McNair, author of three novels, has worked as a news writer, on-air
newscaster, and producer of documentaries. She now offers a memoir that
takes you undercover into the life of a female private investigator.
Today, McNair heads her own private investigation firm, Green Star
Investigations.
When McNair found herself divorced, broke, and camping out in a
borrowed apartment in New York City, the most obvious choice of
employment seemed to her to become a private investigator, one of her
lifelong dreams. That is exactly what she did.
Her first interview for a job was with a seasoned P.I. named Bo Dietl.
She came away from that meeting deflated feeling like a Girl Scout
offering a cookie to a man who's just announced he's a cannibal. No, she
didn't get the job. A month of rejections followed. Then, Vinny Parco
a.k.a. "Poison" offered her a job and she took it. Vinny's firm is
loaded with characters Damon Runyon would have loved.

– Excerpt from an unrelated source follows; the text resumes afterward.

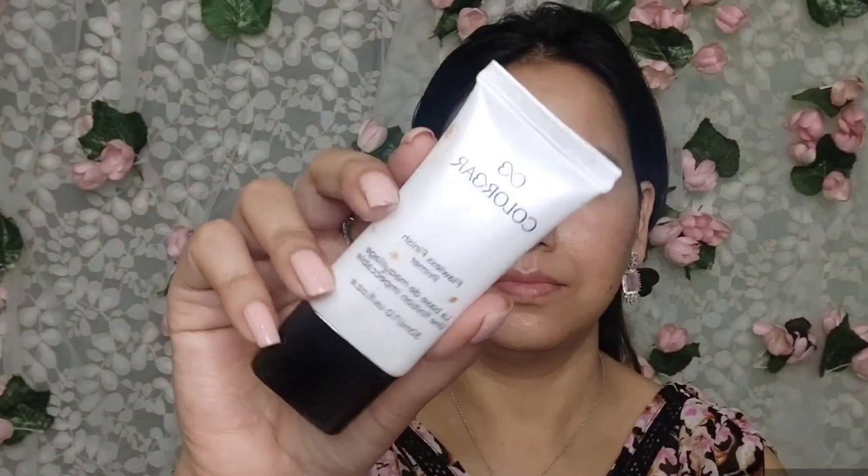If you use this with your skin tone, you can use it with your skin tone, so it will be a good glossy base. Now I have taken a primer.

Every few chapters McNair details some of her previous amazing
travels. This lady has been just about everywhere and done things few
people, man or woman, would dare. Mombassa, Rome, Hong Kong, Tripoli,
Lisbon, Montevideo, and these exotic places are but a few of our
adventurous author's travels. She discusses eating caviar in Tehran with
a witty gunrunner to admiring icebergs in Tierra del Fuego, and eating
banana and honey sandwiches at midnight in the Casbah in Tangiers.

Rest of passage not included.